## Recorded information:
== Segment start ==

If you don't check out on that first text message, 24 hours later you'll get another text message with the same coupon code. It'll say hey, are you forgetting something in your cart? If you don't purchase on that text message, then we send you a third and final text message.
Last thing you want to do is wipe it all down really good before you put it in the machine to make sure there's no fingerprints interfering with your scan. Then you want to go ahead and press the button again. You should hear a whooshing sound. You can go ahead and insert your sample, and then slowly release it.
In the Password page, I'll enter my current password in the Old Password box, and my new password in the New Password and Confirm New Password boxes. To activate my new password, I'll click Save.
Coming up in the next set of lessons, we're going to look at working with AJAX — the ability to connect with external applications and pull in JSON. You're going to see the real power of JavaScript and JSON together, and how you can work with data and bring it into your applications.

== Segment end ==
== Segment start ==

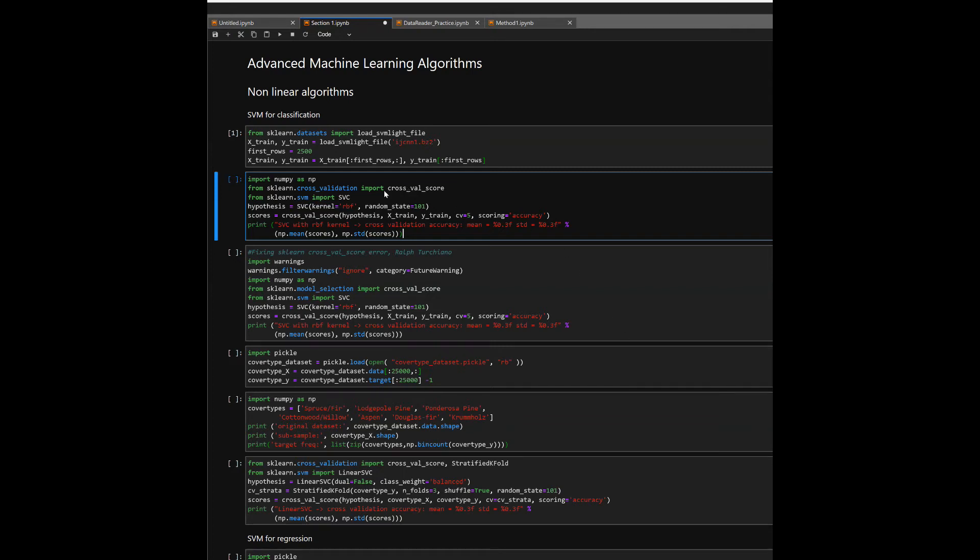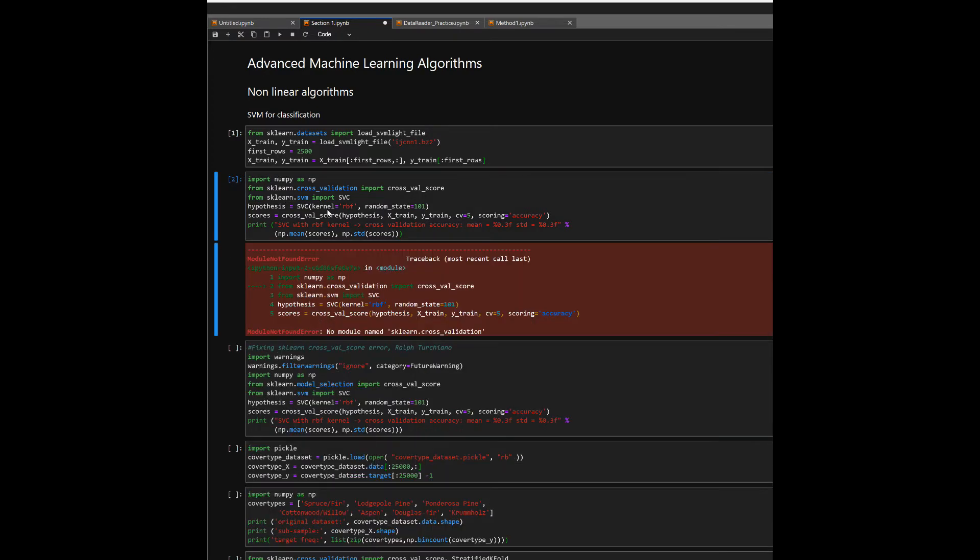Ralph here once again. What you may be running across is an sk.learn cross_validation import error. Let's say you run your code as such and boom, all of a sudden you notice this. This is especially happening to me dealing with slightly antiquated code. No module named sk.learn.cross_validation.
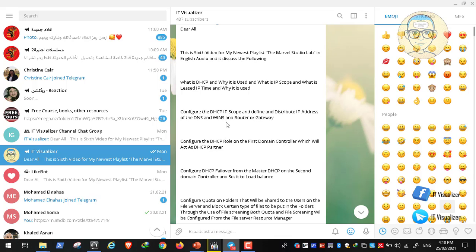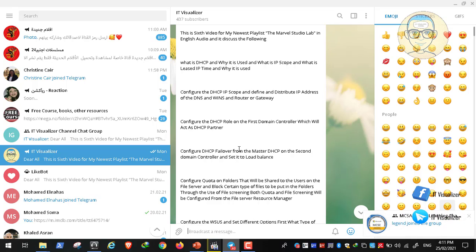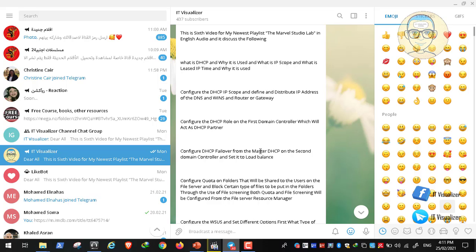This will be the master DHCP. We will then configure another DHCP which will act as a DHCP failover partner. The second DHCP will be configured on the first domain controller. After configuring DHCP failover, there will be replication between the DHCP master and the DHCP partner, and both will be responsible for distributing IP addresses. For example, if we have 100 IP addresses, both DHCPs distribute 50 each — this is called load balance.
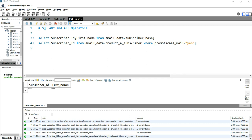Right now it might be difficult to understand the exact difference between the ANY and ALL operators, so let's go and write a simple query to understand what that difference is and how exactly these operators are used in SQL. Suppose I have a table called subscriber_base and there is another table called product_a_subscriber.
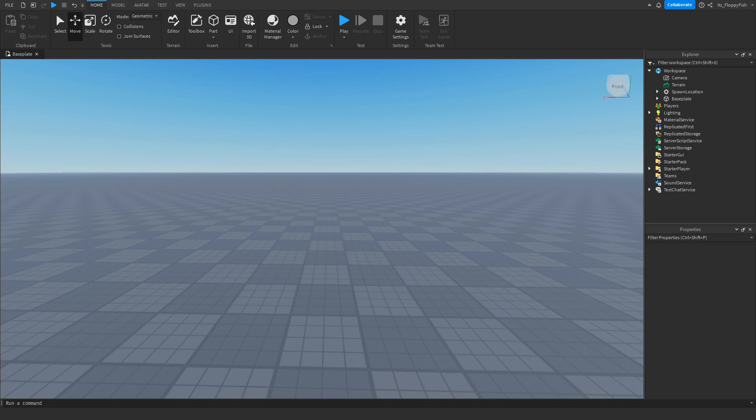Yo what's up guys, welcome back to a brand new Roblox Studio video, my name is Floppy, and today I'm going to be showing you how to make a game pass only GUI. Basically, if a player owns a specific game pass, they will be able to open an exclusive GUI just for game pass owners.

== Segment end ==
== Segment start ==

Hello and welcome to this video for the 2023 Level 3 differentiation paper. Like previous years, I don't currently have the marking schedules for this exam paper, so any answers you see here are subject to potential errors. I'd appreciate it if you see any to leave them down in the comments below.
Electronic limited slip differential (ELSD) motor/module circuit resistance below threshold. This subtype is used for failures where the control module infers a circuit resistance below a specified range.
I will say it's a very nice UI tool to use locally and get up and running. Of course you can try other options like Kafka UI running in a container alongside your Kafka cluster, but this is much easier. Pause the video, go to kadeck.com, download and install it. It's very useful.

== Segment end ==

## What you should do:
Could you reproduce, exactly, every line above from the line with "Electronic limited slip" to the line with "I will say it's", and no other line? Both ends count.

## Exercise result:
Electronic limited slip differential (ELSD) motor/module circuit resistance below threshold. This subtype is used for failures where the control module infers a circuit resistance below a specified range.
I will say it's a very nice UI tool to use locally and get up and running. Of course you can try other options like Kafka UI running in a container alongside your Kafka cluster, but this is much easier. Pause the video, go to kadeck.com, download and install it. It's very useful.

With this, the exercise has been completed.